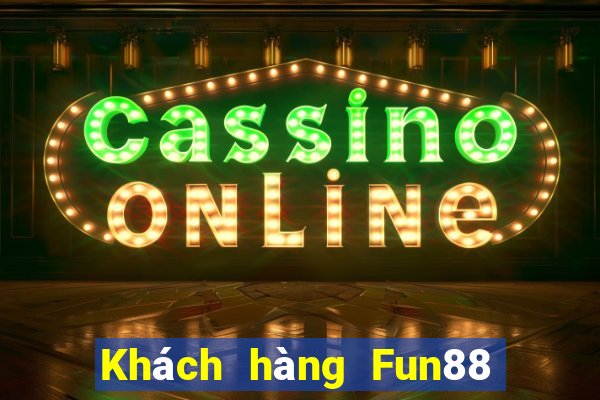 Khách hàng Fun88 Đông Thành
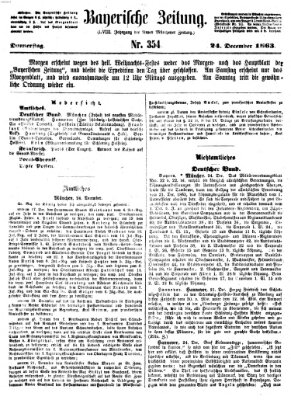 Bayerische Zeitung. Mittag-Ausgabe (Süddeutsche Presse) Donnerstag 24. Dezember 1863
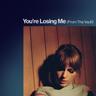 You're Losing Me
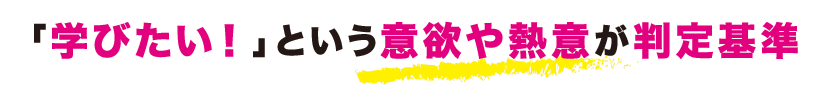 「学びたい!」という意欲や熱意が判定基準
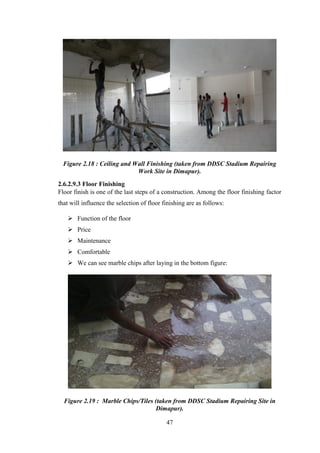 47
Figure 2.18 : Ceiling and Wall Finishing (taken from DDSC Stadium Repairing
Work Site in Dimapur).
2.6.2.9.3 Floor Finishing
Floor finish is one of the last steps of a construction. Among the floor finishing factor
that will influence the selection of floor finishing are as follows:
 Function of the floor
 Price
 Maintenance
 Comfortable
 We can see marble chips after laying in the bottom figure:
Figure 2.19 : Marble Chips/Tiles (taken from DDSC Stadium Repairing Site in
Dimapur).
 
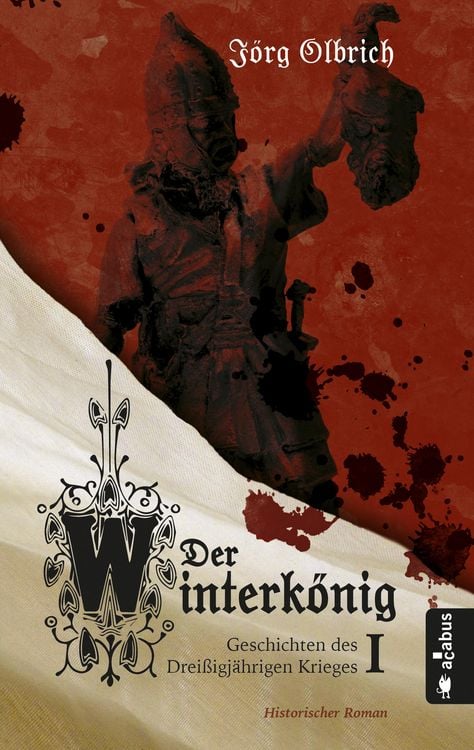 Produktbild: Der Winterk&ouml;nig. Geschichten des Drei&szlig;igj&auml;hrigen Krieges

::::::::

DIRECTIONS FOR THIS TASK:
What lines in the material above hold the word "from"? Pull them out.

RESPONSE TO THIS EXERCISE:
Figure 2.18 : Ceiling and Wall Finishing (taken from DDSC Stadium Repairing
Figure 2.19 : Marble Chips/Tiles (taken from DDSC Stadium Repairing Site in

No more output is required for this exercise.